Hope you're having a great Sunday! ☕📈 

Here’s your weekly market recap, bringing you the biggest updates in stocks, crypto, and the economy—quick, clear, and to the point.

Stock Market

Index

Week

Month

Year

DOW

+2.48%

-5.17%

+4.90%

S&P 500

+4.59%

-2.95%

+8.34%

NASDAQ

+6.73%

-2.37%

+9.14%

FTSE 100

+1.69%

-2.89%

+3.38%

STOXX 50

+4.47%

-4.18%

+2.98%

NIKKEI 225

+2.81%

-5.54%

-5.88%

Stocks Headlines

Wall Street staged a strong comeback this week, with the Nasdaq up 6.7% and the S&P 500 gaining 4.6%. Tech giants like Nvidia fueled the rally as optimism around future rate cuts grew. However, despite the upbeat headline numbers, over half of S&P 500 companies ended Friday lower, highlighting ongoing market fragility. Investors remain cautious with global trade tensions and earnings season volatility still in play. Overall, momentum has improved but risks remain under the surface.

$INTC ( ▼ 6.7% ) : Intel plans to lay off more than 20% of its staff — over 21,000 jobs — as part of CEO Lip-Bu Tan’s major restructuring effort. The cuts focus mainly on middle management to speed up decision-making and drive an engineering-led culture.
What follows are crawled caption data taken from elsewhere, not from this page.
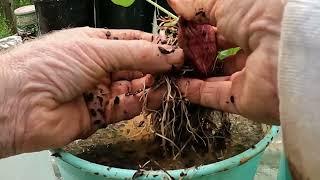 PART 3 - HOW TO TURN 1 SWEET POTATO INTO 100 SWEET POTATOES - PREPARING & PLANTING INTO #garden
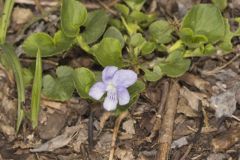 Walter's Violet, Viola walteri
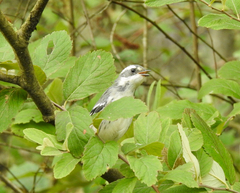 Setophaga nigrescens
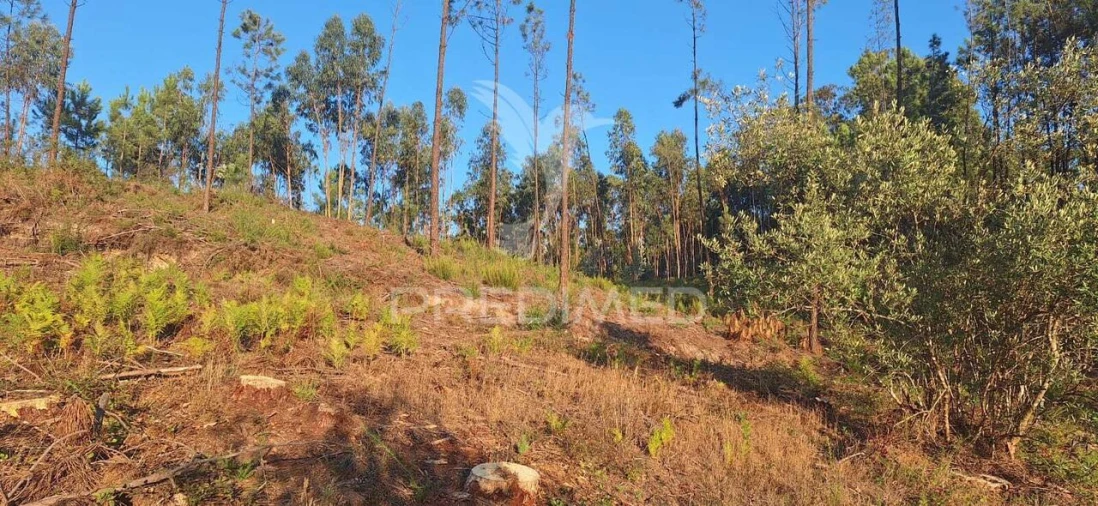 Terreno para Venda em Matas e Cercal Foto 16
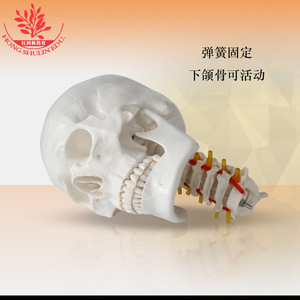 FRT023, un modèle de crâne cervical à 7 segments, présente un crâne adulte en PVC avec structures neurovasculaires, occipitales. - Product Image 1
This follows a 15% reduction last year and ties into a $10 billion cost-saving plan. Intel faces pressure from shrinking PC demand and rising competition in AI chips. More details are expected with its upcoming quarterly results.

Amid broader market uncertainty, Apple and Tesla showed notable strength this week. Apple closed Friday up 0.86% at $209.28, while Tesla surged nearly 10% to $284.95 following better-than-expected production numbers. Investors continue to favor mega-cap tech stocks for their earnings stability and cash-rich balance sheets. Both companies have proven resilient despite macroeconomic challenges, helping to anchor the Nasdaq’s impressive recovery. This trend reflects a continued "flight to quality" among investors.

$BAC ( ▲ 0.28% ) : Bank of America strategists warned that the current market rally might be short-lived unless several big catalysts emerge. They pointed to the need for an interest rate cut by the Federal Reserve, a major US-China trade breakthrough, and sustained consumer strength to maintain upward momentum. Without these factors, the market could remain highly volatile and vulnerable to sharp pullbacks. Investors were urged to remain defensive, favoring quality stocks and sectors less sensitive to economic cycles.

Spotlight

Slate Auto, backed by Jeff Bezos, unveiled a no-frills electric pickup priced under $20,000. Built in Indiana with up to 240 miles of range, it strips out extras like infotainment to stay affordable. Deliveries are set for 2026, aiming to disrupt a market where EV prices average over $59,000.

Crypto

Asset

Week

Month

Year

Bitcoin

+10.86%

+8.11%

+48.61%

Ethereum

+11.59%

-10.15%

-44.70%

XRP

+5.38%

-6.04%

+324.71%

Crypto Radar

Bitcoin approached the $95,000 mark this week, boosted by excitement around the upcoming halving event. Analysts from Galaxy Research forecast that BTC could hit $150,000 by year-end, driven by increasing institutional inflows and ETF adoption. The halving, which cuts miner rewards in half, historically triggers major rallies due to reduced supply pressure. Sentiment across the broader crypto market remains bullish despite general macro volatility. Many investors are positioning ahead of expected major price moves.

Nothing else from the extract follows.